Comme on visite un monument (Troyes, épisode 26)
« Faut le déclic. Vous trouvez mes mots bien obscurs. L’obscurité, elle est dans nos âmes, non ? En plus mélodieux. » (Ulysse, James Joyce, p. 66-67)
J’étais inquiet, au début. Pendant les quinze premières nuits de ma résidence, je n’ai pas rêvé. Je me réveillais, jamais très tard, 7h43, 8h11, 8h25, selon le train qui passe, j’ouvrais les yeux, et c’était tout, zéro activité onirique notable, des souvenirs manquaient comme si j’avais moins vécu. J’étais dépossédé d’une manifestation majeure de mon imagination, et j’en étais tout chiffon.
Mais c’est revenu. Il fallait seulement que je m’habitue à cette chambre, à ces draps, à ce silence-ci. J’ai rêvé cette nuit que je devais donner une représentation de mes Giètes au théâtre de La Mure. Christophe S. était là, bien sûr, je le retrouvais dans le sous-sol du théâtre, qui se trouvait être une gigantesque cuisine pour collectivité. J’étais embêté, parce que je n’avais pas prévu de donner ce spectacle, ce soir. Je ne me sentais pas prêt du tout, je cherchais quelque chose dans mes poches nerveusement. J’annonçais : « Il faut pourtant bien la faire puisque ce soir, c’est la dernière représentation », et Tof me répondait, les pieds sur une chaise et les mains dernière la nuque, « C’est ça, oui, comme toutes les autres ». Je m’apercevais que j’avais oublié mon livre, je le lui signalais comme une lacune rédhibitoire, et aussi mon pantalon, je déclarais : « Désolé, mais sans pantalon ça ne va pas être possible, on annule ». Parfois un cuisinier traversait la pièce en nous lançant « Qu’est-ce que vous faites ? Vous avez déjà presque une heure de retard, les gens s’impatientent ! » , Tof s’occupait en accordant ses instruments, et moi je farfouillais dans des piles de livres entreposés là, me disant, la seule chance qui reste, c’est de trouver un pantalon comme accessoire dans l’un de ces livres géants. En particulier, je retournais dans tous les sens ce qui semblait être une version d’un mètre sur deux de La garde-robe d’Emmanuelle Houdart, dans l’espoir d’en faire tomber mon pantalon.

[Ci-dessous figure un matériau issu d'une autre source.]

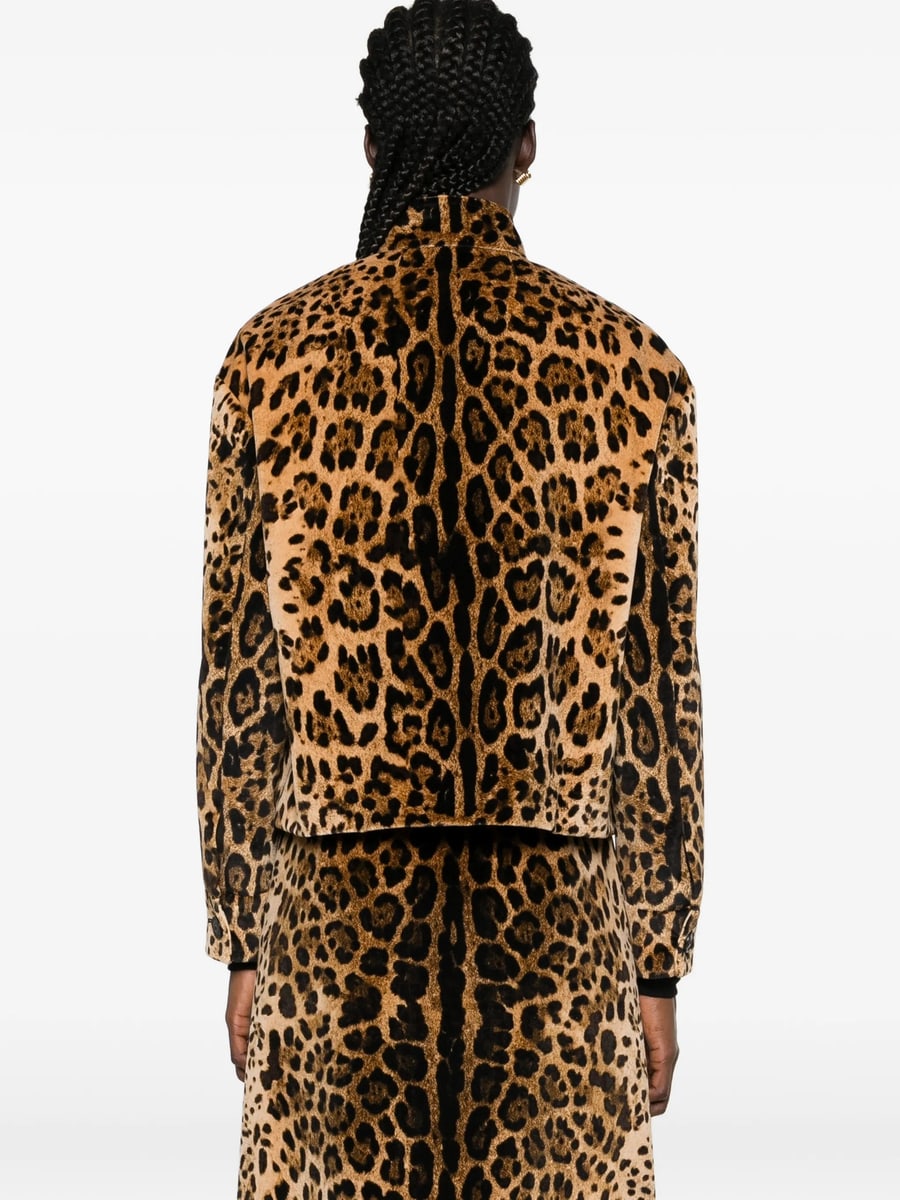 Max Mara Studio Max Mara Studio Tedro Leopard-print Cropped Jacket, view 3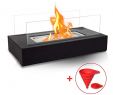 Free Standing Vent Free Gas Fireplace Fresh Brian & Dany Ventless Tabletop Portable Fire Bowl Pot Bio Ethanol Fireplace Indoor Outdoor Fire Pit In Black W Fire Killer and Funnel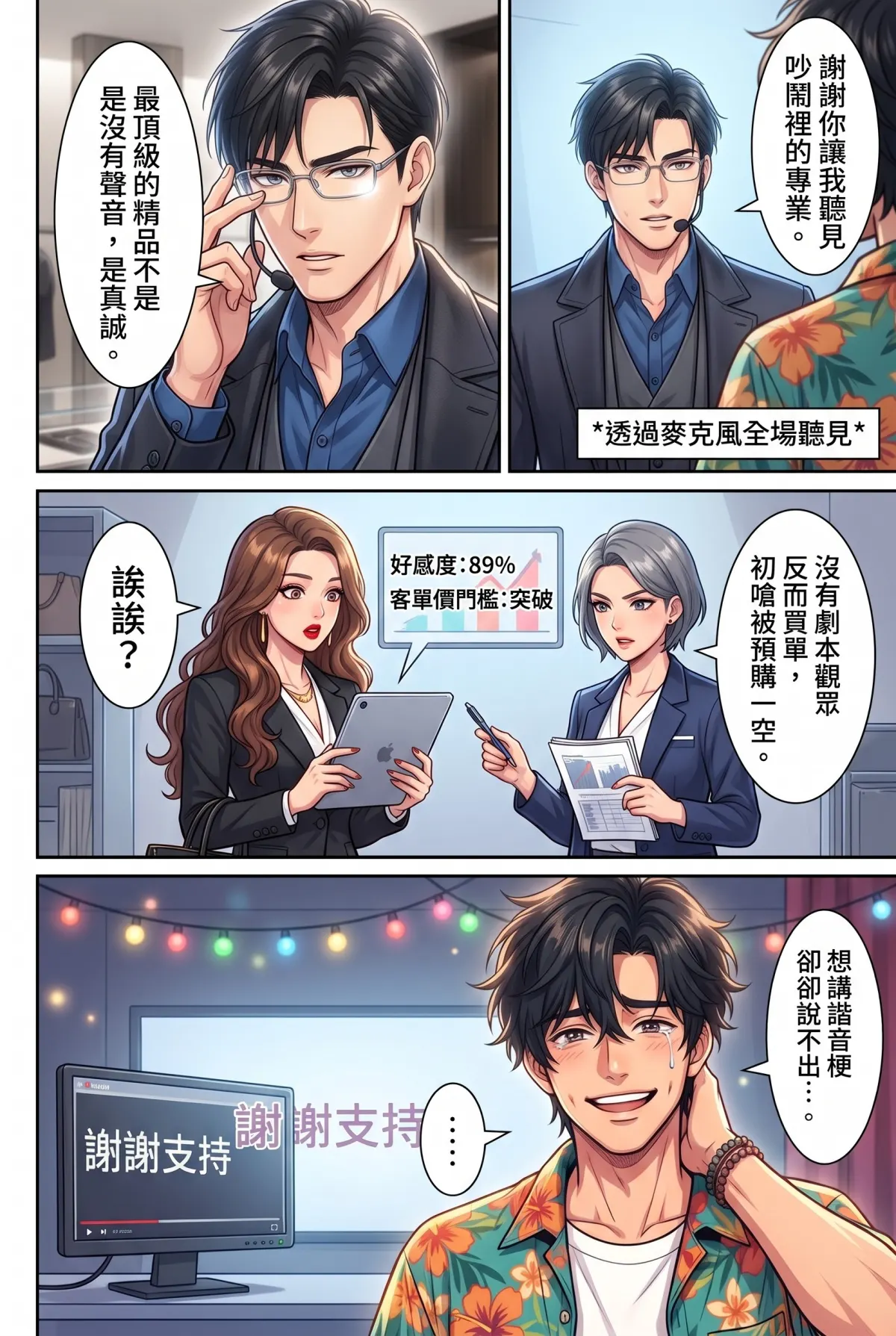 《頂流過氣後，我靠互嗆帶貨爆紅了》 第 14 集　《頂流過氣後，我靠互嗆帶貨爆紅了》 - 不按腳本的告白直播 第 14 頁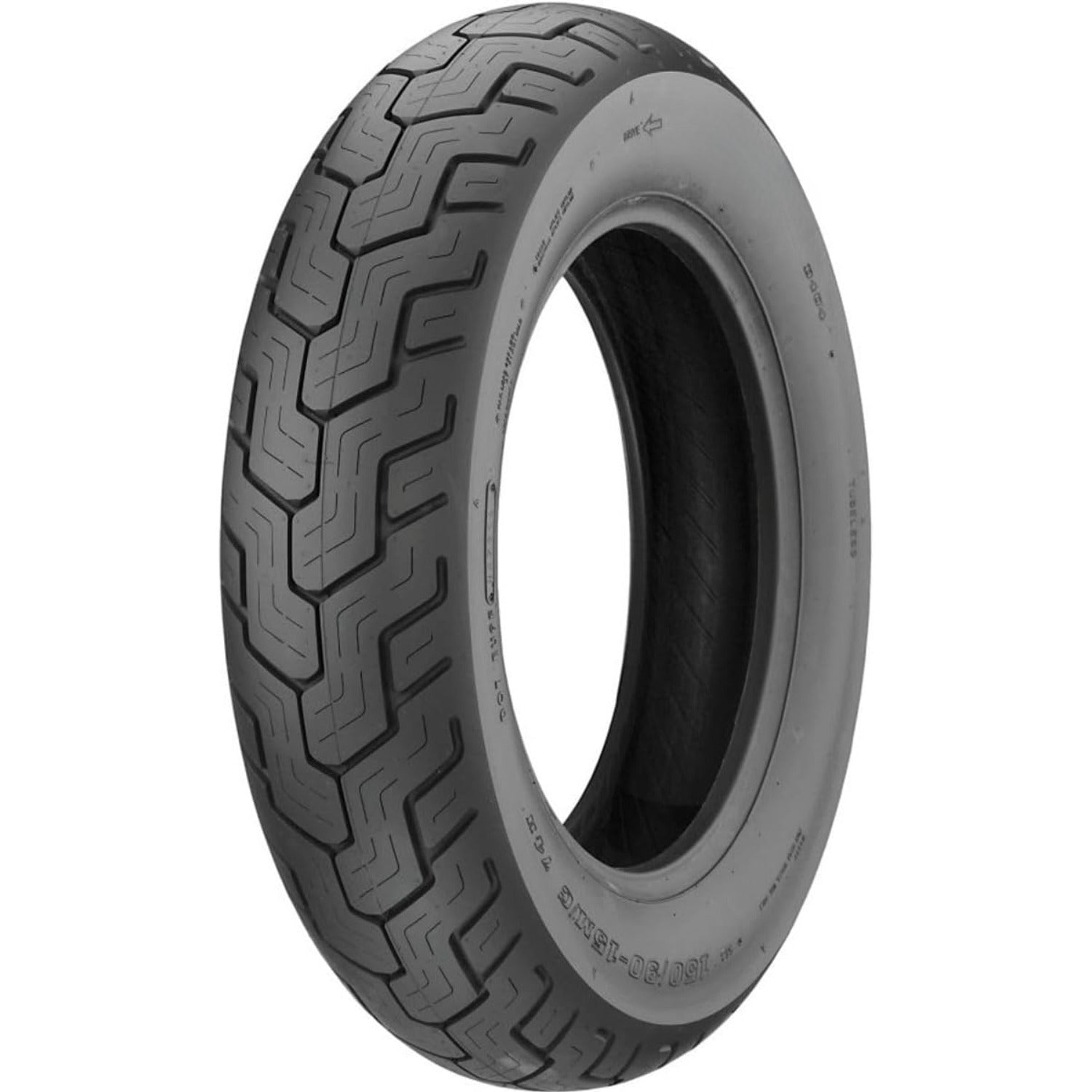 Rear Motorcycle Tire 140/90-16 (71H) Black Wall image 1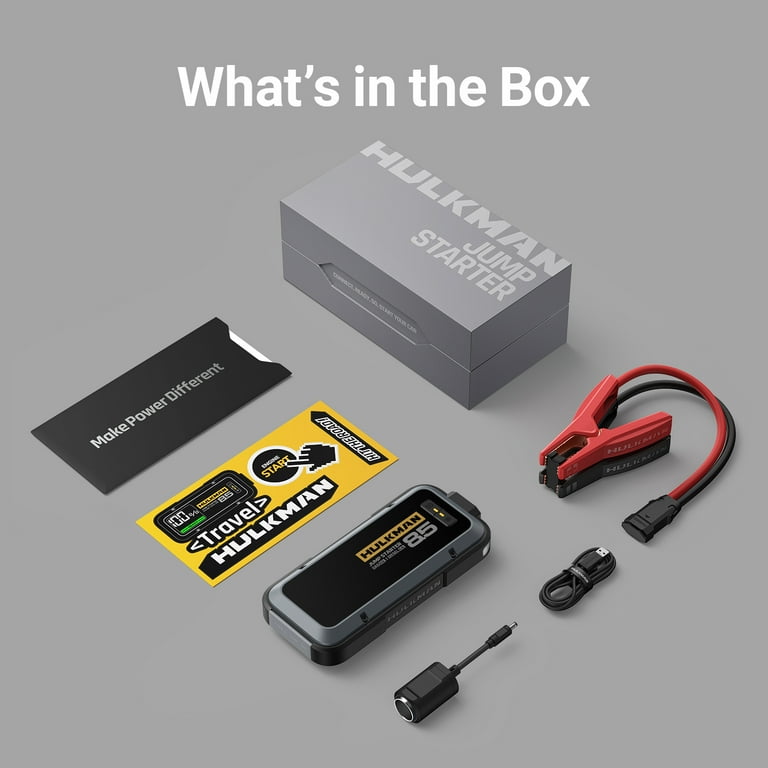 HULKMAN Alpha 85 Jump Starter, 2000 Amp Car Starter, LED Display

Un autre. Il y a quelques nuits, j’ai rêvé que je lisais un livre particulièrement compliqué, où toutes les consonnes avaient été remplacées par la lettre g. Ug augge : ig g a gueggueg guigg, g’ai gêgé gue ge gigaig ug gigge gaggigugiègegegg gogggigué, où gougeg geg goggoggeg agaiegg égé gemggagéeg gag ga geggge g. Je n’y comprenais rien, tu penses, je transpirais, mais je m’accrochais, ligne à ligne, paragraphe après paragraphe, je m’épuisais, je lisais mécaniquement, m’accrochant obstinément mais stérilement au rythme gueguettant, soupirant quand je tournais une page comme passant un col à vélo.
J’ai compris au réveil de quel livre il s’agissait, parce que je me souvenais que sa couverture était violette (cf. illustrations ci-dessus). J’ai commencé Ulysse cet été, à Dublin, ce qui est snob, mais j’ai laissé tomber, c’était un trop gros morceau pour moi. Je viens de faire une nouvelle tentative ici, à Troyes où existe un pub « James Joyce » , ce qui est presque aussi chic. Qu’importe le flacon, pourvu qu’on ait la Guinness. Je n’y arrive toujours pas, je le crains. Ce n’est pas la première fois que la lecture d’un livre influence mes rêves, mais l’autre exemple paru sur ce blog évoquait un livre que j’avais englouti fébrilement ; là, ce serait plutôt un livre que j’ai non-lu, ce qui est plus frustrant. Oui, ce rêve révèle (car c’est à cela qu’il sert : le rêve révèle) une lecture impossible. Je m’acharne sur Joyce, je m’entête, je lis en montagnes russes des pages qui m’emballent et d’autres que je ne suis pas très sûr d’avoir lues une fois que je les ai lues, au point de ne plus savoir exactement où je m’étais arrêté la veille (mais désormais pour plus de sécurité je dispose d’un beau marque-page, merci Laetitia), jusqu’à ne plus comprendre tout-à-fait pourquoi je lis.
Peut-être pour dire « Je l’ai fait » , comme on dit du Louvre. Comme on visite un monument, sans le déranger, sans être dérangé par lui. J’ai fait le Louvre, je l’ai traversé plus d’une fois, et qu’en ai-je retenu, au juste ? Gu’eg ai-ge gegegu, au gugge ?
Bon, alors je déposerai à Gingko, « les Portes du Sommeil », de Fabrice Bourland, pour les rêves!